The Top 5: Worst Songs I've Listened To On My iPod Repeatedly


1. Physical- Olivia Newton John: This song always conjures images in my mind of thirtysomethings dating in the eighties. They would go to see Tarzan, the Ape Man, eat at an Italian restaurant with real napkins on the table that advertises on TV, then go home and have AquaNet hair sex. It also makes me think of Noam Chomsky. Ahem. Only because it was stuck in my head when I was taking a course on Chomsky, so every day it was all "language must be innate I TOOK YOU TO AN INTIMATE RESTAURANT anarchosyndicalism THEN TO A SUGGESTIVE MOVIE manufacturing consent I WANNA GET PHYSICAL." And this is a problem, since Noam Chomsky getting physical is something I would rather not think about, YOU KNOW WHAT I MEAN.

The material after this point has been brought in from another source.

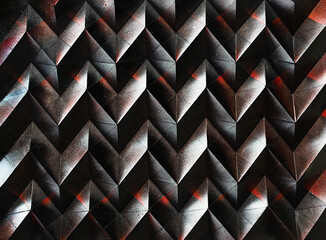 Folded spray painted metallic colorful paper art, Japanese origami background texture, abstract...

2. One Night in Bangkok- Murray Head, from Chess: This should be number one, but then it would be the first thing anyone would see. Everything about this song is just painfully, painfully bad- the mid eighties attempts by white people, the heavily synthed-out score, and the dated politics. I hated it so much, I would let out a shudder whenever "the ultimate test of cerebral fitness" would roll around, and yet I couldn't help playing it over and over and pretending I was some sort of Thai hooker. I hope the blinds were down. Please send help.

3. The House of the Rising Sun- Santa Esmeralda: I can't help but love Santa Esmeralda, even though all of their songs are about 20 minutes long, broken up into seven minutes segments of them repeating the same thing. I think House deserves a special nod, however, since I think it has the least vocals of any of their songs, and one part that's at least six minutes long, of just the bass playing the same couple of notes over and over again. Then the Mexican horns kick in.

4. My Oh My- Aqua: Clippy-clop hooves. Robin Hood-esque story, where Robin Hood has "no time for luhvehng". Clearly Maid Marian is a clingy bitch. I think Barbie Girl, in its way, is a perfectly good pop song, but this one sucks so hard. And yet I love it so much.

5. Gimme Gimme Gimme- ABBA: Wait for the synth breakdown. I had a whole dance routine set to that. It utilized the ugly couch in my family's basement.